Тут деревянная чаша, которая стояла на скамье в переднем углу, с громом полетела на пол. Все взоры обратились на молчаливого проезжего: глаза его сверкали, ужасная бледность покрывала лицо, губы дрожали; казалось, он хотел одним взглядом превратить в прах рыжего земского.
– Что с тобою, добрый человек? – сказал стрелец после минутного общего молчания.
Незнакомый как будто бы очнулся от сна: провел рукою по глазам, взглянул вокруг себя и прошептал глухим, отрывистым голосом:
– Тьфу, батюшки! Смотри, пожалуй! никак, я вздремнул!
– И, верно, тебе померещилось что ни есть страшное? – спросил купец.
– Да!.. я видел и слышал сатану.
Купец перекрестился, работники его отодвинулись подалее от незнакомца, и все с каким-то ужасом и нетерпением ожидали продолжения разговора; но проезжий молчал, а купец, казалось, не смел продолжать своих вопросов. В эту минуту послышался на улице конский топот.
– Чу! – сказал хозяин. – Никак, еще проезжие! Слышишь, жена, Жучка залаяла! ступай посвети.
Ворота заскрипели, громкий незнакомый лай, на который Жучка отвечала робким ворчаньем, раздался на дворе, и через минуту Юрий вместе с Киршею вошли в избу.
III
– Хлеб да соль, добрые люди! – сказал Юрий, помолясь иконам.
– Милости просим! – отвечал хозяин.
– Ах, сердечный! – вскричала хозяйка. – Смотри, как тебя занесло снегом! То-то, чай, назябся!
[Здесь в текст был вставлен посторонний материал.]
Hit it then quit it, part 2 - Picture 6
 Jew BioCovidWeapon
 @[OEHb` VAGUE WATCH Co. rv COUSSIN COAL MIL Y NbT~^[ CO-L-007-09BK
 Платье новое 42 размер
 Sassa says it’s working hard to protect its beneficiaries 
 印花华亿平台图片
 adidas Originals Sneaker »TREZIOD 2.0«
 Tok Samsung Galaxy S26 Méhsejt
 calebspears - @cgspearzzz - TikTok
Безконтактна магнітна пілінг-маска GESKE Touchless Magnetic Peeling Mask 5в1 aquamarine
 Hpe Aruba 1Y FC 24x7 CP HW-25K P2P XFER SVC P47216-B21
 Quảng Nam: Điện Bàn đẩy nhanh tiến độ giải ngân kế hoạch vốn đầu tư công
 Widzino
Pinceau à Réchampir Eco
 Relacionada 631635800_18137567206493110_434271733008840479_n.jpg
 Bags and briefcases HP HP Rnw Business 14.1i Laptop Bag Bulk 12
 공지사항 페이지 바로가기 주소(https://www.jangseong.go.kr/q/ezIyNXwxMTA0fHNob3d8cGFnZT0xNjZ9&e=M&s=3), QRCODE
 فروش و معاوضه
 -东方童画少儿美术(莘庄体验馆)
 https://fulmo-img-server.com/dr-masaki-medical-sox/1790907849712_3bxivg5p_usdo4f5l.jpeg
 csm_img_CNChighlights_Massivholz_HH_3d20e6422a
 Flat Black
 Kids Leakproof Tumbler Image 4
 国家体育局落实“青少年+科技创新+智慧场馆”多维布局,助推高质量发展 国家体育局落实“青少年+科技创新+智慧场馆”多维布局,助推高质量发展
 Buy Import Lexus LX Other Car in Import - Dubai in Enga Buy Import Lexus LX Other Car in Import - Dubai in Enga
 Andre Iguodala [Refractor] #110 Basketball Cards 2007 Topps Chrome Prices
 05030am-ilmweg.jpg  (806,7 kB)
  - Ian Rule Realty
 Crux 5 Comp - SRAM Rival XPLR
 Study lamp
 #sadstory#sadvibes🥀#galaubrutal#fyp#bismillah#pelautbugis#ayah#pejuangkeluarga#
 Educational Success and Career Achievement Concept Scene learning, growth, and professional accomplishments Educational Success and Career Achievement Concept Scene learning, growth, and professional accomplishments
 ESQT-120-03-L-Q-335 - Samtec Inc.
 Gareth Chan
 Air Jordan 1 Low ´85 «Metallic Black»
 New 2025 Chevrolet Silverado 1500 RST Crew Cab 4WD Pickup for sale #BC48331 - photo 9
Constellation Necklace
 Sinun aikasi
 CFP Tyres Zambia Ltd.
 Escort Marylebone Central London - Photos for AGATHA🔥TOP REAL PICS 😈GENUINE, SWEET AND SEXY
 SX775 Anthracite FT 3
– А вот отогреемся, – сказал Кирша, помогая Юрию скинуть покрытый снегом охабень.
– Да это, никак, боярин, – шепнула хозяйка своему мужу.
Скинув верхнее платье, Юрий остался в малиновом, обшитом галунами полукафтанье; к шелковому кушаку привешена была польская сабля; а через плечо на серебряной цепочке висел длинный турецкий пистолет. Остриженные в кружок темно-русые волосы казались почти черными от противоположности с белизною лица, цветущего юностью и здоровьем; отвага и добродушие блистали в больших голубых глазах его; а улыбка, с которою он повторил свое приветствие, подойдя к столу, выражала такое радушие, что все проезжие, не исключая рыжего земского, привстав, сказали в один голос: «Милости просим, господин честной, милости просим!» – и даже молчаливый незнакомец отодвинулся к окну и предложил ему занять почетное место под образами.
– Спасибо, добрый человек! – сказал Юрий. – Я больно прозяб и лягу отогреться на печь.
– Откуда твоя милость? – спросил купец.
– Из Москвы, хозяин.
– Из Москвы! А что, господин честной, точно ли правда, что там целовали крест королевичу Владиславу?
– Правда.
– Вот тебе и царствующий град! – вскричал стрелец. – Хороши москвичи! По мне бы, уже лучше покориться Димитрию.
– Покориться? кому? – сказал земский. – Самозванцу?.. Тушинскому вору?..
– Добро, добро! называй его как хочешь, а все-таки он держится веры православной и не поляк; а этот королевич Владислав, этот еретик…
– Слушай, товарищ! – сказал Юрий с приметным неудовольствием. – Я до ссор не охотник, так скажу наперед: думай что хочешь о польском королевиче, а вслух не говори.
– А почему бы так?
– А потому, что я сам целовал крест королевичу Владиславу и при себе не дам никому ругаться его именем.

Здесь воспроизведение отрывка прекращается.